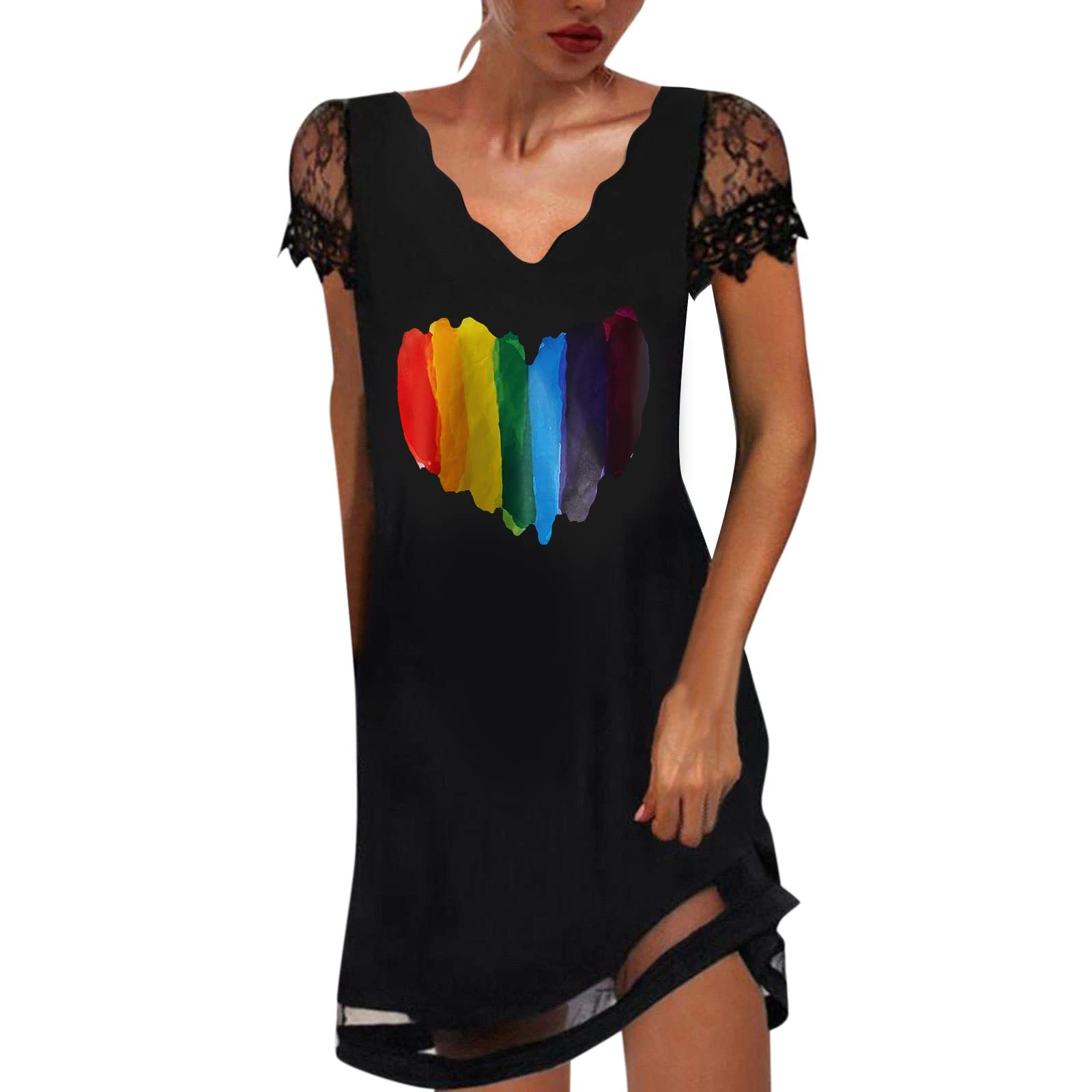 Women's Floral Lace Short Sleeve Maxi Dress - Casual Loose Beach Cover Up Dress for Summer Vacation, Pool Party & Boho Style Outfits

--

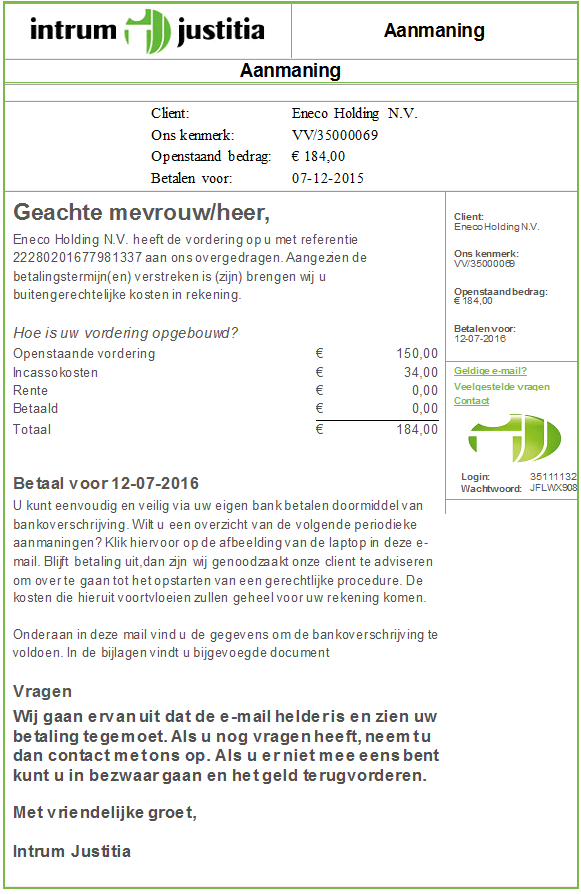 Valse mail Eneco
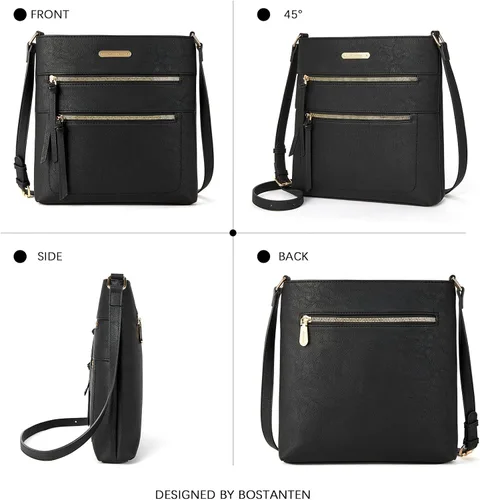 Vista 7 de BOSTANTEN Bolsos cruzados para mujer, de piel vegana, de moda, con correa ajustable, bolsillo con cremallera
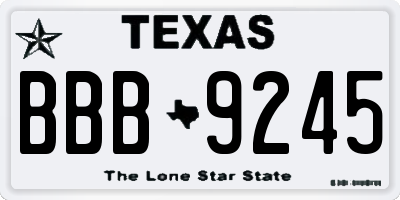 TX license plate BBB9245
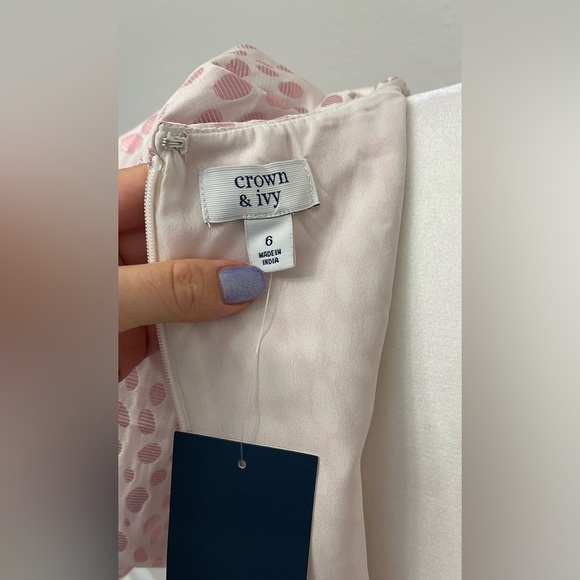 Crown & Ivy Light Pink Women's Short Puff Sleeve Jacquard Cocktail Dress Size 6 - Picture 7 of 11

---

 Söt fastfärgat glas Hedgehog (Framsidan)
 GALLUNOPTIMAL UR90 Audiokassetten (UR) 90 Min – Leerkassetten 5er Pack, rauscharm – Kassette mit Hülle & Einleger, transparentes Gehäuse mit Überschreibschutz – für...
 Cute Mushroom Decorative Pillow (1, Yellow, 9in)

#### [EXERCISE GOAL]
The answer must be the part of the records that opens with the line containing "Valse mail Eneco" and closes with the line containing "Crown & Ivy", reproduced exactly, with no pictures.

#### [THE COMPLETED TASK]
 Valse mail Eneco
 Vista 7 de BOSTANTEN Bolsos cruzados para mujer, de piel vegana, de moda, con correa ajustable, bolsillo con cremallera
 TX license plate BBB9245
 Crown & Ivy Light Pink Women's Short Puff Sleeve Jacquard Cocktail Dress Size 6 - Picture 7 of 11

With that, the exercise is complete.